If not absolutely necessary, I’d start virtualizing all bare-metal. There could be a reason for physical servers (like large databases), but if there’s none, get going to slap everything into VMs, one by one. You can use Clonezilla, ReaR (Relax-and-Recover), or just dd
into gzip
over ssh. If there’s a lot of machines, you might want to look into automating the process a little with backups.
Following that, I’d start taking snapshot of everything in their “working” state (if you have databases, make sure these are shutdown when the snapshot is being taken, otherwise you’d get inconsistent DB state and basically be unable to start the thing).
For bare-metal, if still present, boot into a live environment, mount the disks anywhere and do a normal offline-copy of the FS somewhere - that way, you can just delete the things in it and place the old data, then just reconfigure the bootloader.
When all that is done, start patching or upgrading. Depending on what the business was running, you might have massive issues when you upgrade and have to roll-back to the snapshot or copy the backed up data back.
IDK what the backup policy was for the env you inherited, but most places I’ve seen have some kind of backups implemented, but usually at the program level (backing up the binaries and the data), not at the OS level, meaning that if you upgraded and you couldn’t make the software to work, you basically had to install a fresh version of an older OS.
For automation, people swear by ansible, like ITT, but when you’re under pressure to show quick results and don’t have time to learn other tools, go with something like pssh
or dsh
. I’ve used pssh plenty of times to automate some tasks on different OS. Just make lists like “all-servers,” “suse-servers,” “centos-servers” and so on (all text files, you can use that as input for server list for pssh). The reason I like pssh is because of pscp, where you can just send scripts to all of them and run them locally (instead of running one command per ssh connection). And the logs of the output stay on your machine, so you can see what machines had trouble running some commands and correct them.
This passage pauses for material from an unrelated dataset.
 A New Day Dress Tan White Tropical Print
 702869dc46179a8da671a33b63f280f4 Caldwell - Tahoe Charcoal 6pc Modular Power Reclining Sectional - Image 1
Following that, I’d take the longer game and migrate everything to a single stack for easier management. Start with the ones that have the least amount of servers. Say if you only have 5 alpine servers, start with these, move them to something else. Then 10 opensuse, go with that and so on.
K8s is cool and all, but the learning curve is steep and there’s a lot to take into account (persistent volumes, on which nodes you want the pods to run - although that’s mostly automated, namespaces for cross-pod communication, port-forwarding to access the pods’ programs from outside, unless everything you have can be managed by something like traefik or nginx etc.). I’d say keep it in mind when taking decisions to what to migrate the infrastructure to.
That’s not the kind of mental illness on the forum that Ryan was thinking of, lmao!
That’s the reason I haven’t left mine yet. When everyone’s firing left and right, it’s a tough decision to quit. Although I’d like to focus on some personal matters, but I think I’ll take time off for that.
Back to server management, I like the idea of “doing things right,” but that usually needs a lot of time to get implemented, so I always take the fast-paced approach, automate everything with what tools you have available, even if you’re going to use that tool just once (from experience, the scripts or part of them might come in handy later on). I take a pragmatic approach of “do what you can now and take time to study how to implement things properly later.” The best example of it would be trying to implement an enterprise-grade backup solution, but then falling victim to a ransomware because you didn’t even have some file-level copy of your data on a NFS or S3 bucket.
That doesn’t mean you should rely on the tools and stacks that are working now, you should actually take the time to improve them, when the situation is less critical.